Leo libros de autoayuda pero no me fío. No me creo que, para mí, se hagan realidad esas teorías. Hay ideas seductoras, sí, pero yo solamente me guío por la experiencia. Ese es el motivo de que haga pruebas cuando algún libro me seduce. Leo “El círculo” y escribo cuentos de realidad. Leo “El secreto” y lleno páginas con afirmaciones positivas. Convierto los libros en experiencias y cuando afloran en lo cotidiano, solamente cuando he testado en mi realidad lo que dicen, me atrevo a pensar que pueden ser ideas coherentes.

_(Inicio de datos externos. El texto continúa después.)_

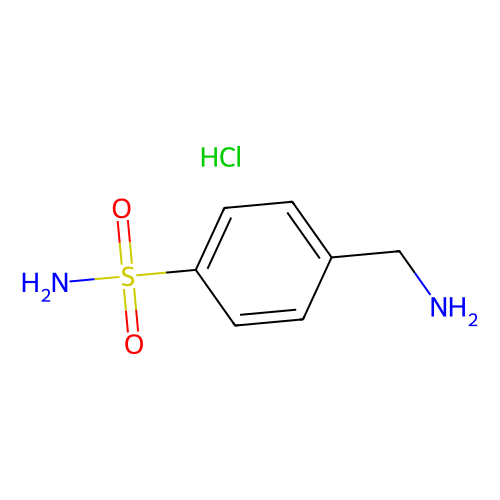 homosulfamine hydrochloride (c09-0907-514)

Intento reflexionar a partir de lo cotidiano, de lo que vivo, porque los libros son adecuados para quien los escribe, sí, pero cada vida es diferente. Mi realidad difiere mucho de la de Paulo Coelho.

Entre tanto mis vivencias diarias me acercan a nuevos caminos. Estoy probando a seducir a la realidad. Con afirmaciones, con pensamientos, con cuadernos, con canciones, con conversaciones, con juegos, con verdades, con halagos… seduzco a la Vida, la enredo, la embeleso. Reconozco que me gusta enredar. Y es fantástico obtener resultados. A veces la realidad se vuelve mágica y juega mi juego. Y enreda. Me refiero al ámbito de las sorprendentes casualidades, de las experiencias originales…

Seduzco a la vida y ella se vuelve azul como el mar. O gris como una nube cargada de lluvia. O amarilla como la luz. Y a mí me gusta pensar que estoy Viviendo un arco iris compartido.